Not all struggles in Sengoku are fought openly on the battlefield or argued before the courts of Kyoto. Clans also compete through espionage, covert operations, sabotage, political manipulation, smuggling, and the deliberate spread or suppression of unrest.
Agents represent the hidden networks operating behind every major clan, sect, and political institution. These networks may include informants, spies, smugglers, conspirators, monks, corrupt officials, local sympathizers, and other covert operatives working beneath the surface of public politics.
Through agents, clans can gather information, interfere with rivals, influence Locations beyond their direct control, and pursue goals that cannot be achieved through diplomacy or warfare alone.
Covert action is intentionally risky, expensive, and uncertain. Even successful missions may result in exposure, political fallout, injury, capture, or the loss of valuable agents. In many cases, remaining hidden is just as important as accomplishing the mission itself.
Agents are persistent clan assets recruited, assigned, and maintained through the Sengoku Application.

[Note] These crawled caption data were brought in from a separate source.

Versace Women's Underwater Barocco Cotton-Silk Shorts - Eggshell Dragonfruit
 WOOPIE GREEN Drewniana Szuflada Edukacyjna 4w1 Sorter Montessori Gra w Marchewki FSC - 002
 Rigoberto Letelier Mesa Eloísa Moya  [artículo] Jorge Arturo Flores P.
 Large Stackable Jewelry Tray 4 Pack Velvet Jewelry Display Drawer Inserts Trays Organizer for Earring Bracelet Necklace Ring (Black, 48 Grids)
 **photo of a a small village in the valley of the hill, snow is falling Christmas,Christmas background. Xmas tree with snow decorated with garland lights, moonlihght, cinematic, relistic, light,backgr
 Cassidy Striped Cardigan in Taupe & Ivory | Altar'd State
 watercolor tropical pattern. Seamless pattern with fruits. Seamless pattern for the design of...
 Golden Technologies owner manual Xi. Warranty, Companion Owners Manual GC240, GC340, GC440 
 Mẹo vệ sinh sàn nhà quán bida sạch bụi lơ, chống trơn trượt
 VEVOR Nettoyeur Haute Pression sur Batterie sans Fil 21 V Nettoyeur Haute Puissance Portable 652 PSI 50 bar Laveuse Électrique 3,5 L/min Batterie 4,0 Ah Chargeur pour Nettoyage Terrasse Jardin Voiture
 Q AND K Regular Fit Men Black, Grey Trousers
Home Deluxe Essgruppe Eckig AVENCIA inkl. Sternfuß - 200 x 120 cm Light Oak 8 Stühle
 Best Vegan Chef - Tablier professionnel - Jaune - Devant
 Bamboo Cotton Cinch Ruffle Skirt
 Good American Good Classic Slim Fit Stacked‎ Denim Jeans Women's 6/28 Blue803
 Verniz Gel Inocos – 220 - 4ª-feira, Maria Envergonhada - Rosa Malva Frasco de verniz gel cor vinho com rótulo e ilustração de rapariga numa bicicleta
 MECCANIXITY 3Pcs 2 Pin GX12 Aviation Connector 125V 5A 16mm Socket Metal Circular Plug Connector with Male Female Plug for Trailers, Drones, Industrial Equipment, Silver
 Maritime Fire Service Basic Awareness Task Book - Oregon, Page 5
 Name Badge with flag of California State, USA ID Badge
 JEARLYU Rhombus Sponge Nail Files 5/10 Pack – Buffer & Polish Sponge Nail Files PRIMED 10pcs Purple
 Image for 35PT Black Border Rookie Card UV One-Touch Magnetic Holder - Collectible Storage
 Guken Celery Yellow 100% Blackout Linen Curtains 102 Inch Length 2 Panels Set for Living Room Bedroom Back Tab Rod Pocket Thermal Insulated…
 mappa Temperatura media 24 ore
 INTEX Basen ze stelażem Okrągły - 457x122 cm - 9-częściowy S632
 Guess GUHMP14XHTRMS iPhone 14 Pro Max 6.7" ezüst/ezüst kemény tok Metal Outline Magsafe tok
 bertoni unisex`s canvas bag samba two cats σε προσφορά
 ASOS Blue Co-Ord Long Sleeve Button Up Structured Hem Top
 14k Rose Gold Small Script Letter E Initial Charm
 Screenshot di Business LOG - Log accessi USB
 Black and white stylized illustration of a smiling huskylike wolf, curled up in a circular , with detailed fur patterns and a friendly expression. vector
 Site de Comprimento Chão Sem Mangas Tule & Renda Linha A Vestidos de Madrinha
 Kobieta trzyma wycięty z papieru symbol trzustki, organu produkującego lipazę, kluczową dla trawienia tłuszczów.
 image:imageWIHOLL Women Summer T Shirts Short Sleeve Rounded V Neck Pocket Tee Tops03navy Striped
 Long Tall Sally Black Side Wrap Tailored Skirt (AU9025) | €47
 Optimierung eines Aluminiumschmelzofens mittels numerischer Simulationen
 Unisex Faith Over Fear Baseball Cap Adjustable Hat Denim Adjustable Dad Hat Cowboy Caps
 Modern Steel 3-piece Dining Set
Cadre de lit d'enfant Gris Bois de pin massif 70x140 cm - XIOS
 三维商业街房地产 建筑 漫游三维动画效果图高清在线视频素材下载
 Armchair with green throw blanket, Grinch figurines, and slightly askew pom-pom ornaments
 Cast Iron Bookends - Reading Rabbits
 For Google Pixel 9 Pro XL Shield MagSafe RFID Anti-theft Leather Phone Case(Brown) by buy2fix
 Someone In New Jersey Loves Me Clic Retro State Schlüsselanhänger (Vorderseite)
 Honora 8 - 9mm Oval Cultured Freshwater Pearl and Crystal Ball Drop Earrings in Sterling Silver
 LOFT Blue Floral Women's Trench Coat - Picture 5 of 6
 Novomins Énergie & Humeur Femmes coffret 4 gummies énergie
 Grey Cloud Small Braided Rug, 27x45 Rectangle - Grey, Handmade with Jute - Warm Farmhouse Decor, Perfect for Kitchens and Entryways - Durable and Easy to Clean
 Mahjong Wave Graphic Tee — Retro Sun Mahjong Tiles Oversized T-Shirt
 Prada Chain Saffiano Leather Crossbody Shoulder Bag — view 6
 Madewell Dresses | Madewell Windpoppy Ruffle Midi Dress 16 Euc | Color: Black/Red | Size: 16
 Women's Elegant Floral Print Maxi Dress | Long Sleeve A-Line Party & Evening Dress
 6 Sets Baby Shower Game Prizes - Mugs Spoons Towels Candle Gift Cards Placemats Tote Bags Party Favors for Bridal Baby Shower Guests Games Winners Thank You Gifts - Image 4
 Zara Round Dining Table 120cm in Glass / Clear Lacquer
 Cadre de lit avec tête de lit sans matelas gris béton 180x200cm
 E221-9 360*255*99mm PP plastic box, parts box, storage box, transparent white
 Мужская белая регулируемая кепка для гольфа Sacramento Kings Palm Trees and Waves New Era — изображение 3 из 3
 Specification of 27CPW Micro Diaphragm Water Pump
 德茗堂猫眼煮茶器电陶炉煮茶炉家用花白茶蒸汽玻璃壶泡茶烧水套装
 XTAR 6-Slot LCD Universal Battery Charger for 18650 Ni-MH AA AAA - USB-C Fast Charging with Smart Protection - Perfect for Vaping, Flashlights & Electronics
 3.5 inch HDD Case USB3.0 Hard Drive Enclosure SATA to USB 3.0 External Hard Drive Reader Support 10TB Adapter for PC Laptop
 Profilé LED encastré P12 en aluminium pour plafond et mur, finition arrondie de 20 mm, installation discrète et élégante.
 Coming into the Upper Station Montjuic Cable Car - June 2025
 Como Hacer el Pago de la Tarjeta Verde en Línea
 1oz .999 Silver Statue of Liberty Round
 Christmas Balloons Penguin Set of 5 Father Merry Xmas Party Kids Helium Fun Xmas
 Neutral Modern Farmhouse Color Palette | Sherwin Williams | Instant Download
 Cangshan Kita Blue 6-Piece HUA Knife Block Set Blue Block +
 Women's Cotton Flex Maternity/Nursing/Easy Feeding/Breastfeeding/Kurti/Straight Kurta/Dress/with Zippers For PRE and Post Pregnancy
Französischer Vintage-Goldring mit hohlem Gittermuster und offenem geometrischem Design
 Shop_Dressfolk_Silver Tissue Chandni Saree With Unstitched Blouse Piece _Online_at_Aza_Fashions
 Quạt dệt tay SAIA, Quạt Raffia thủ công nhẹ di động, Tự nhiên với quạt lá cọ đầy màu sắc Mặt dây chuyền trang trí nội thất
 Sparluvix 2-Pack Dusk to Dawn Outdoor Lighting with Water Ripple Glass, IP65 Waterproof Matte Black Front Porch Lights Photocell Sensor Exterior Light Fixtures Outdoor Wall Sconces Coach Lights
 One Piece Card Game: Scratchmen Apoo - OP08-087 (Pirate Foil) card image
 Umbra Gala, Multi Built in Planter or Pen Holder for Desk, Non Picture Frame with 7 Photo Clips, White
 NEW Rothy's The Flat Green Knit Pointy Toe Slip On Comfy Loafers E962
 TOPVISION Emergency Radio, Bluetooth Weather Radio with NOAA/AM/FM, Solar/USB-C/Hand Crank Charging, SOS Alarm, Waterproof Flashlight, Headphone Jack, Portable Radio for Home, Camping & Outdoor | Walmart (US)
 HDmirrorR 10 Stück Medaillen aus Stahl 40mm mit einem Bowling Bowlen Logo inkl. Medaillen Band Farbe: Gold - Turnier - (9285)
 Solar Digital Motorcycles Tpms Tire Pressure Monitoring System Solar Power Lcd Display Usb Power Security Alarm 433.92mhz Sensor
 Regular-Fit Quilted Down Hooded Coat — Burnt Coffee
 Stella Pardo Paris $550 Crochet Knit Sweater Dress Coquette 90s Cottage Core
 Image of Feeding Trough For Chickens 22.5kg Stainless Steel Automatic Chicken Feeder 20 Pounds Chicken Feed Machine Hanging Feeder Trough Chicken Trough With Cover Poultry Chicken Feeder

Once recruited, an agent remains available to the clan until they are killed, captured, permanently compromised, or otherwise removed from play. Agents are valuable and limited resources, and losing one can significantly weaken a clan’s ability to act covertly.
At present, agents are controlled at the clan level rather than by individual characters. Any authorized member of a clan may assign available agents to missions through the application.
During a turn, each agent may either participate in a mission or maintain a local network within a Location. Agents assigned to networks are not available for ordinary missions until reassigned.
Different factions may have different limits, abilities, or special rules regarding agents and covert operations.